*** Opening of Task inputs ***

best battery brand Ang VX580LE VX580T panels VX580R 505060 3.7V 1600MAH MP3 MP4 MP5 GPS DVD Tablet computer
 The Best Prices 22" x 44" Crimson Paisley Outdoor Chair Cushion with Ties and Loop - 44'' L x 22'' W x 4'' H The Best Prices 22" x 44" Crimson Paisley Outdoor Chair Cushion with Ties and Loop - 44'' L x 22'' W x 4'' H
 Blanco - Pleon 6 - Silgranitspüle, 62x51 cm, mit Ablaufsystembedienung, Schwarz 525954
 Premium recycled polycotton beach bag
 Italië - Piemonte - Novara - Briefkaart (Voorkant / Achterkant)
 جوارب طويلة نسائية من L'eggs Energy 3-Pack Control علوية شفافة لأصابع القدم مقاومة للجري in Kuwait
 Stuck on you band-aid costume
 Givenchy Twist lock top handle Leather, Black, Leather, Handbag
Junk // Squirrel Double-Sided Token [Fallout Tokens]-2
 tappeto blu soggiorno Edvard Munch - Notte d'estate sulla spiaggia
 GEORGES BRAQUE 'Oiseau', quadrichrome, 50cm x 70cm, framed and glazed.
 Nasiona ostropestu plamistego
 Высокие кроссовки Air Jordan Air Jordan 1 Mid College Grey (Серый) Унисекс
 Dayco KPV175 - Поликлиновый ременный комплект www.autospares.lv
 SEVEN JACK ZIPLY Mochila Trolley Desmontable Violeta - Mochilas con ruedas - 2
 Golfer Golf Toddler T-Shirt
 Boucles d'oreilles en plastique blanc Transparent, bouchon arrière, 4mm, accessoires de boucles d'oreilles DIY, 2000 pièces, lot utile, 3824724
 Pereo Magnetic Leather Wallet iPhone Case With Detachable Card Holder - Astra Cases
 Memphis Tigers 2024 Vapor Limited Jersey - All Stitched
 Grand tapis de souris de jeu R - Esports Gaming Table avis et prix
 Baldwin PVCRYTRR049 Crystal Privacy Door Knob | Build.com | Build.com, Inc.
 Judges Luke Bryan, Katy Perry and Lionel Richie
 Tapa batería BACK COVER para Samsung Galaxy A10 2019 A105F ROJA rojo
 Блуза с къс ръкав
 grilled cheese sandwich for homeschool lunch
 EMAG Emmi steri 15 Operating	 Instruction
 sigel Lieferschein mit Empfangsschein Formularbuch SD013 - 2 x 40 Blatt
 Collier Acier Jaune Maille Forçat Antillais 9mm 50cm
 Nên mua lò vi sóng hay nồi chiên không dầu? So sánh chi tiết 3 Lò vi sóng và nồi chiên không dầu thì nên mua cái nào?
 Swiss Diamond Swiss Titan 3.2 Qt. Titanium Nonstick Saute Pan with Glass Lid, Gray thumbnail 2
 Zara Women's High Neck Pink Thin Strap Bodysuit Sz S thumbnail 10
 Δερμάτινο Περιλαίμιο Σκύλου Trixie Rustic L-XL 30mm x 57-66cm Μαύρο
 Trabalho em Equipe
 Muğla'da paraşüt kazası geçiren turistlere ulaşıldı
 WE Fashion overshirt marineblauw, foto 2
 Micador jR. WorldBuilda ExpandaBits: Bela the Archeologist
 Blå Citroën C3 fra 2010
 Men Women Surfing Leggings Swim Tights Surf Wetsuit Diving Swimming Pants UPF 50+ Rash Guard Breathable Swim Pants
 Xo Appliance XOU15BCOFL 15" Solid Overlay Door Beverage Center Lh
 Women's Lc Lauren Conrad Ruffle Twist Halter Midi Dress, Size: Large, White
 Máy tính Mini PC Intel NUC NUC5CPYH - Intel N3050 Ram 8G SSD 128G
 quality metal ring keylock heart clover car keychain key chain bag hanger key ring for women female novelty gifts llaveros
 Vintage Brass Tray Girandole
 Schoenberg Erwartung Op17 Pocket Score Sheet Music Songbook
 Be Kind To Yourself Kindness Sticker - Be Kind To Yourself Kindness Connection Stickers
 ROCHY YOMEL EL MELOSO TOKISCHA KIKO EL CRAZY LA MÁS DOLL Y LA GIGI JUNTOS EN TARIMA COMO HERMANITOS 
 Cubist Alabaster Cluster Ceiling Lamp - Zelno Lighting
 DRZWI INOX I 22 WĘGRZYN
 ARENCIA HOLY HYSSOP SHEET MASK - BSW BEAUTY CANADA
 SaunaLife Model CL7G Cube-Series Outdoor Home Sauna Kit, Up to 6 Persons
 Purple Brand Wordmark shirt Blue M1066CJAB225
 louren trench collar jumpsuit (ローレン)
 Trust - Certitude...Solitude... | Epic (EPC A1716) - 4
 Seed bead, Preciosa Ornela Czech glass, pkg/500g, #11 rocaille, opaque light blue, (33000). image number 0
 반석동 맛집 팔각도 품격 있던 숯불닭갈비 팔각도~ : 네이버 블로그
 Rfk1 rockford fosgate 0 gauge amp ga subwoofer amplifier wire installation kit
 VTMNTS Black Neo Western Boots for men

*** Close of Task inputs ***

What to work on:
Each line of the data that includes "Outdoor" counts once; say how many there are, giving nothing but the number.

Written solution:
2